Initially, promotional examinations are not "standardized" tests, rather, they are developed for each title based on a job analysis of the position at issue and test the knowledge, skills and abilities needed to perform in the title. Additionally, your proposal would require an amendment to the NJ Constitution as Art. VII, Sec. 1 requires that promotions be based on merit and fitness to be ascertained, as far as practicable, by examination, which, as far as practicable, shall be competitive.

This idea makes a lot of sense. Taking somebody out of their unit to go to another unit that they know nothing about just because they got a good score on a standardized test is inefficient.. I've seen trainees training the trainers because of this broken system..

As stated in the individuals solution portion, a test would also be a part of the promotion factor. As such the test should be catered to the position that is being tested and not a vocabulary/grammar review.

While I support the idea, I am apprehensive that definition of merit would be relative and primarily dependent on the people evaluating, and thats when the assumption kicks in that evaluators are unbiased. However, frequently the evaluators cannot remain unbiased and intentionally or unwittingly their agenda or motive creates bias in selection. Standarized test removes the bias but tests have their own drawbacks. If meritbased is entertained, the evaluators should probably be complete strangers.

i believe the test erases doubt on how an individual is selected. although unfair to those who have "earned the job". i think the biggest change should be is eliminating the provisional appointment. everyone should be hired off a list and not be subject to be bumped out of a job.

Some employees are excellent and their job and deserving of promotion, but just don't perform well on standardized tests. All too often an employee that is at best mediocre will test well and get a promotion over other more deserving candidates. The state is rife with employees in positions that they don't deserve. At a minimum, more weight should be given to how well they do on e-PARS and optimally their should be a supervisor score/opinion considered. Should also make tests more relevant.
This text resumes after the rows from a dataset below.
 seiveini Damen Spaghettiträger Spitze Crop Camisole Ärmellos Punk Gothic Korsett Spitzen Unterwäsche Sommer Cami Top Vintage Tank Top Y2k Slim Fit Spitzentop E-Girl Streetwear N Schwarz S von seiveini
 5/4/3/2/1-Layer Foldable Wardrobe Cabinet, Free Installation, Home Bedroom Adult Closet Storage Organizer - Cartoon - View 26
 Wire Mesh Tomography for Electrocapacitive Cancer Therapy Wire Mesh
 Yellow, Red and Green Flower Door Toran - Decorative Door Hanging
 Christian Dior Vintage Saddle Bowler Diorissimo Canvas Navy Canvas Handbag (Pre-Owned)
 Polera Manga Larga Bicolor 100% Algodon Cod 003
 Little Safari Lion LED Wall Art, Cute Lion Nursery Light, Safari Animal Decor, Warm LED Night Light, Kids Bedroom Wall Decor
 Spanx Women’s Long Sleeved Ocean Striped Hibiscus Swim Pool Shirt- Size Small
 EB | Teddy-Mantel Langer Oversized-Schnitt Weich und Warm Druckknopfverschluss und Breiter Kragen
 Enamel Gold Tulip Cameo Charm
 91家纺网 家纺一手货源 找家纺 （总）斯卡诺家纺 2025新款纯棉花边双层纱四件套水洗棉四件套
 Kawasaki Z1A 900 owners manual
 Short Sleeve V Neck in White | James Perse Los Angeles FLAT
This is an excellent program. I've been with the State for over 30 years and have held several jobs provisional and was never approved a supervisor's title. This is a huge problem. I have been asked to train supervisors several time but never received the merits I deserved. In one case I was demoted after being in the position for 10 years and successfully doing the job. But still was demoted. During this time my Supervisor never gave me a PAR/PERS (over 10 years).